Dans Le Vide, Patrick Senécal raconte plusieurs histoires parallèles, mais essentiellement, le pivot central du roman repose sur Maxime Lavoie, le milliardaire héritier de l’empire familial érigé sur des entreprises. Dans ce roman qui dénonce les effets pervers de la télé-réalité et l’influence du pouvoir pour le pouvoir sur l’esprit humain, le romancier ne peut se détacher des valeurs judéo-chrétiennes rattachées à l’image du Bien et du Mal. Par exemple, on notera que la corruption de l’esprit et des actes vient d’abord de l’argent et du pouvoir. Ici, il s'agit surtout d'un trait culturel-religieux québécois, trait qui est présent dans un grand pan de notre littérature de la première moitié du 20e siècle, que de trouver l'argent suspect, de s'en méfier, et de l'associer au malin; Un homme et son péché est l'illustration parfaite de ce fait. Mais trait culturel ou non, il reste inspiré de valeurs judéo-chrétiennes.
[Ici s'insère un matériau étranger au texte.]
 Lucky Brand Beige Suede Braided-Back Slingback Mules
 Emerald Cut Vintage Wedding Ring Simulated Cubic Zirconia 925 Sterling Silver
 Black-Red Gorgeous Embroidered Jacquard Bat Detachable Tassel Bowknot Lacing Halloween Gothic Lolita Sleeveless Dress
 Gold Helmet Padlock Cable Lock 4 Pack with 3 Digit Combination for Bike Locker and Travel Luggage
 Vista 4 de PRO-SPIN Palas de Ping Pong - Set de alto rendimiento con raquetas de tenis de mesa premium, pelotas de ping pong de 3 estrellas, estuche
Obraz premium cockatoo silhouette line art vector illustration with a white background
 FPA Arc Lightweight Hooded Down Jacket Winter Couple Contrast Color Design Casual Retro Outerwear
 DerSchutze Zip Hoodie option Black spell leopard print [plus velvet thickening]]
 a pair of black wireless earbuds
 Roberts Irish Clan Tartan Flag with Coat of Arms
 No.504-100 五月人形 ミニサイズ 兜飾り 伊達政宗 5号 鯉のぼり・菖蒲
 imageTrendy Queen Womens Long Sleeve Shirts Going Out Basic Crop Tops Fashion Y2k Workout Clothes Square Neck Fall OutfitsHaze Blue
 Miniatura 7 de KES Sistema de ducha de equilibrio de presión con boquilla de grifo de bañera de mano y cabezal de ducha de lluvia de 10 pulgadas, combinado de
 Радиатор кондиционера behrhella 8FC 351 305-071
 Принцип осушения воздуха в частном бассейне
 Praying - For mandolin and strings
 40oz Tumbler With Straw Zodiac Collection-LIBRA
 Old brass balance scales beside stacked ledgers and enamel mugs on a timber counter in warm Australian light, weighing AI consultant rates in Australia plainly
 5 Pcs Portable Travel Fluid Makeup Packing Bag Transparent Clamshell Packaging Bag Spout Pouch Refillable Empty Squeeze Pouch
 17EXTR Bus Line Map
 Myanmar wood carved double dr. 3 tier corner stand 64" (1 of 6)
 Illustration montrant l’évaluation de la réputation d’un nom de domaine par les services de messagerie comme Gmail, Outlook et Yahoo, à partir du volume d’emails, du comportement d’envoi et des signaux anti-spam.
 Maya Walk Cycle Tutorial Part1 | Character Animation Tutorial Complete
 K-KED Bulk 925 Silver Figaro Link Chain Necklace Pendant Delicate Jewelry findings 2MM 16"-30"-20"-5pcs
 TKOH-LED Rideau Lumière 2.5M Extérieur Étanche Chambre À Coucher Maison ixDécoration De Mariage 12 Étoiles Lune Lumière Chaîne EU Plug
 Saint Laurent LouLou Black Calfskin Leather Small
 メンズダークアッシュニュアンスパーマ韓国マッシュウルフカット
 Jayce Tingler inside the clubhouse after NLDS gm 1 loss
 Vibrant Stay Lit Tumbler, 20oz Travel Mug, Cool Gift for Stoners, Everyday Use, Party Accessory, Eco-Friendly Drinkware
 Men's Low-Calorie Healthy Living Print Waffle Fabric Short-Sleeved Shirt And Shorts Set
On peut aussi remarquer que le "vide existentiel" auquel fait référence l'auteur fait écho à l'absence de croyance, et que l'argent/pouvoir rappelle le veau d'or de l'Exode.
«Ne vous amassez pas des trésors sur la terre, où la teigne et la
rouille détruisent, et où les  voleurs percent et dérobent; mais
amassez-vous des trésors dans le ciel, où la teigne et la rouille
 ne détruisent point, et où les voleurs ne percent ni ne dérobent.
 Car là où est ton trésor, là aussi sera ton cœur» (xi).
On notera également que les actes répréhensibles ou pervers sont d’abord des actes sexuels et des perversions sexuelles diverses. Le roman entier est basé sur une scène horrible entièrement ancrée dans de telles perversions sexuelles. Le Vide raconte essentiellement la descente aux enfers de ces usagers du Mal, les dommages collatéraux qu’ils causent et pointe carrément le doigt vers l’absence de Dieu (ou de force supérieure déterminante du Bien) ou bien le silence de ce dernier. On notera également que si le riche détenant le pouvoir ne peut avoir l'âme sereine - malgré ses tentatives de vouloir faire le bien via son entreprise, Lavoie se voit entraîné vers le Mal – l' intellectuel n'est pas épargnés pour autant, comme l’illustre bien le psychologue qui donne d’abord un sens à sa vie grâce à des perversions sexuelles avant lui aussi de plonger dans le Mal.
«Ne nous laissez pas succomber à la tentation» (xii).
Comme Les sept jours du Talion répondait à 5150 Rue des Ormes, l’auteur applique également un effet de continuité de l’exploration d’un thème (du vide existentiel) avec son roman suivant: Hell.com. Ici encore, nous suivons l’histoire d’un milliardaire héritier de l’empire familial érigé sur des entreprises, et sa descente aux Enfers. Daniel Saul remplace donc Maxime Lavoie dans cette nouvelle exploration de l’enfer. Dans Hell.com, comme dans Le Vide, le Mal avec un grand M vient d’abord du pouvoir et ce pouvoir, dans notre monde, vient de l’argent et la richesse.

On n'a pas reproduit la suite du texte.